Yes it is. I'll add a comment with the spec reference.

> > +
> > +enum opcode {
> > +	CXL_MBOX_OP_IDENTIFY		= 0x4000,
> > +	CXL_MBOX_OP_MAX			= 0x10000
> > +};
> > +
> > +/**
> > + * struct mbox_cmd - A command to be submitted to hardware.
> > + * @opcode: (input) The command set and command submitted to hardware.
> > + * @payload_in: (input) Pointer to the input payload.
> > + * @payload_out: (output) Pointer to the output payload. Must be allocated by
> > + *		 the caller.
> > + * @size_in: (input) Number of bytes to load from @payload.
> > + * @size_out: (output) Number of bytes loaded into @payload.
> > + * @return_code: (output) Error code returned from hardware.
> > + *
> > + * This is the primary mechanism used to send commands to the hardware.
> > + * All the fields except @payload_* correspond exactly to the fields described in
> > + * Command Register section of the CXL 2.0 spec (8.2.8.4.5). @payload_in and
> > + * @payload_out are written to, and read from the Command Payload Registers
> > + * defined in (8.2.8.4.8).
> > + */
> > +struct mbox_cmd {
> > +	u16 opcode;
> > +	void *payload_in;
> > +	void *payload_out;
> 
> On a 32-bit OS (not that we use those that more, but lets assume
> someone really wants to), the void is 4-bytes, while on 64-bit it is
> 8-bytes.
> 
> `pahole` is your friend as I think there is a gap between opcode and
> payload_in in the structure.
> 
> > +	size_t size_in;
> > +	size_t size_out;
> 
> And those can also change depending on 32-bit/64-bit.
> 
> > +	u16 return_code;
> > +#define CXL_MBOX_SUCCESS 0
> > +};
> 
> Do you want to use __packed to match with the spec?
> 
> Ah, reading later you don't care about it.
> 
> In that case may I recommend you move 'return_code' (or perhaps just
> call it rc?) to be right after opcode? Less of gaps in that structure.
> 

I guess I hadn't realized we're supposed to try to fully pack structs by
default.

> > +
> > +static int cxl_mem_wait_for_doorbell(struct cxl_mem *cxlm)
> > +{
> > +	const int timeout = msecs_to_jiffies(CXL_MAILBOX_TIMEOUT_US);
> > +	const unsigned long start = jiffies;
> > +	unsigned long end = start;
> > +
> > +	while (cxl_doorbell_busy(cxlm)) {
> > +		end = jiffies;
> > +
> > +		if (time_after(end, start + timeout)) {
> > +			/* Check again in case preempted before timeout test */
> > +			if (!cxl_doorbell_busy(cxlm))
> > +				break;
> > +			return -ETIMEDOUT;
> > +		}
> > +		cpu_relax();
> > +	}
> 
> Hm, that is not very scheduler friendly. I mean we are sitting here for
> 2000us (2 ms) - that is quite the amount of time spinning.
> 
> Should this perhaps be put in a workqueue?

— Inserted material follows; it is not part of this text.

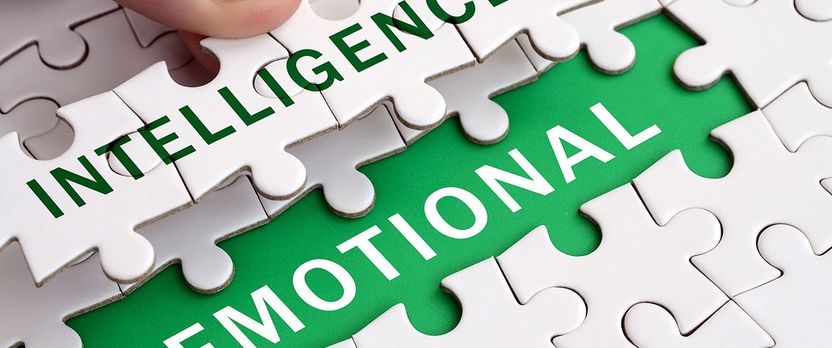 Curso de Desarrollo Profesional en Inteligencia Emocional para la Superación y Desarrollo Profesional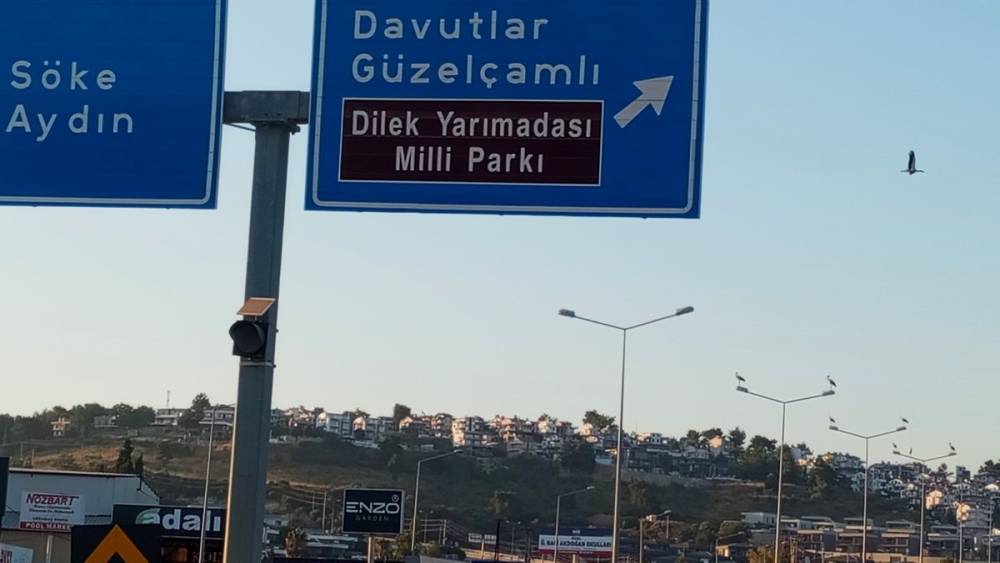 Kuşadası&rsquo;nda leylekler geri d&ouml;nd&uuml;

So let me first point you to the friendlier version which was shot down:
https://lore.kernel.org/linux-cxl/20201111054356.793390-8-ben.widawsky@xxxxxxxxx/

I'm not opposed to this being moved to a workqueue at some point, but I think
that's unnecessary complexity currently. The reality is that it's expected that
commands will finish way sooner than this or be implemented as background
commands. I've heard a person who makes a lot of the spec decisions say, "if
it's 2 seconds, nobody will use these things".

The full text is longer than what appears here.